Chapter Eleven #3

“Yes.” He held up his hands in surrender.

“She was the one who asked me out first.” She didn’t think his face could burn any hotter than it had earlier in the bedroom, but it did now.

“I don’t have a good track record of confidence with women, especially at the early stages.

The long story short is that we were together for two years.

I was planning on proposing and then Diego found out she was cheating on me.

” He raised his eyebrows and tilted his head at her.

“Sometimes it’s really handy having an investigative journalist as your best friend, I won’t lie.

He’s both annoying and nosy as hell, but that occasionally works out in my favor. ”

“He’s protective?”

“He’s a pain in the ass.” Theo flipped the pancakes bitterly and moved the bacon to a stack of paper towels. “But he saved me a whole lot more heartache and suffering than if I’d have gone through with an engagement, and I’m thankful for that.”

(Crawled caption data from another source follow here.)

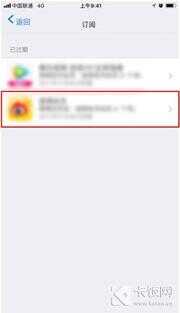 iphone怎么取消自动续费（苹果手机和ipad可以共用一个id吗）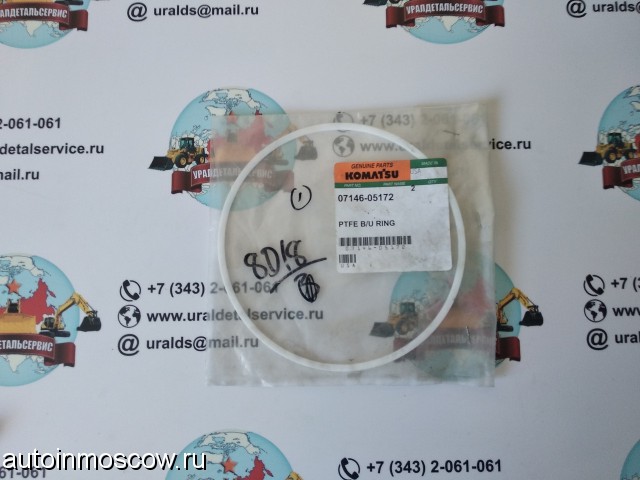 Продам Кольцо Komatsu 07146-05172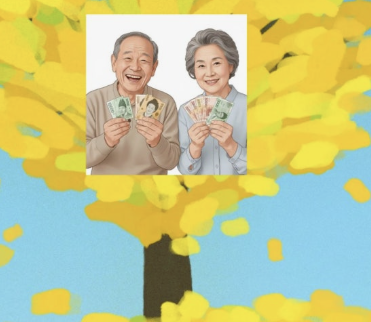노령연금 수급자격 재산 알아보기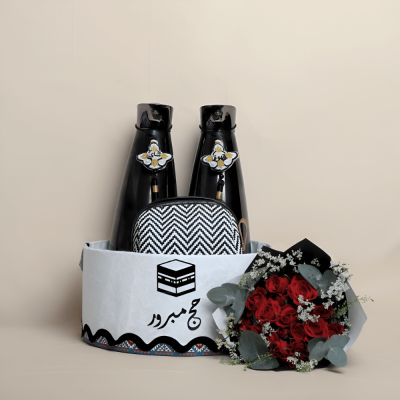 هدية فاخرة - طقم مطارات غزال أسود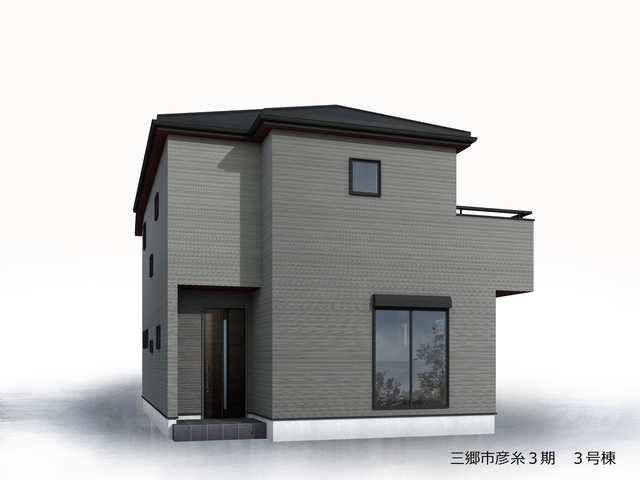 リーブルガーデン三郷市彦糸3期 写真5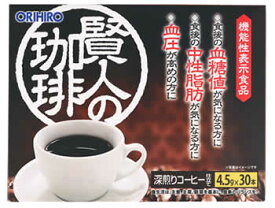 オリヒロ 賢人の珈琲 (4.5g×30本) コーヒー 機能性表示食品　※軽減税率対象商品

“What was she like?” Maybe Audrey shouldn’t be prying about Theo’s ex like this, but now that they’d come this far, she wanted to know.

He paused, the tongs suspended in midair. They trembled in his hand, and his face grew dark. But it softened again when he met her eyes.

“She wasn’t like you at all,” he finally muttered, clicking the tongs bitterly as he fussed with the bacon.

“She was a mistake, was what she was. She’s a curator now at a large gallery.

The art world’s incestuous, and I never should have gotten involved with her in the first place.

In the end, breaking up was an enormous relief. ”

Audrey didn’t press him further.

Theo poured eggs onto the bacon grease and cooked them quickly before turning off the griddle and opening up a miniature sliding door built into his cabinets. It was an appliance garage, and when Audrey saw what was inside, she gasped.

“OH MY GOD, THEO. You have one of these and you come into the café every day? Why?!”

It was a jet-black Diletta Bello espresso machine and a matching grinder, a premium at-home version of what she had at the coffeehouse.

It had to cost somewhere in the vicinity of two thousand dollars.

He held up a hand and smirked, a single dimple appearing in his cheek.

“Okay, look: call this one a failed pandemic investment. When everyone was in quarantine, I was going to learn how to make café drinks at home, but the machine was kind of hard to use and I only ended up making a few shots of bad espresso with it. But by that point, it was too expensive to get rid of. Sunk cost fallacy.” Then he chuckled.

“Until I sat down and really learned how to use it—and added a single coffee drink to my repertoire.”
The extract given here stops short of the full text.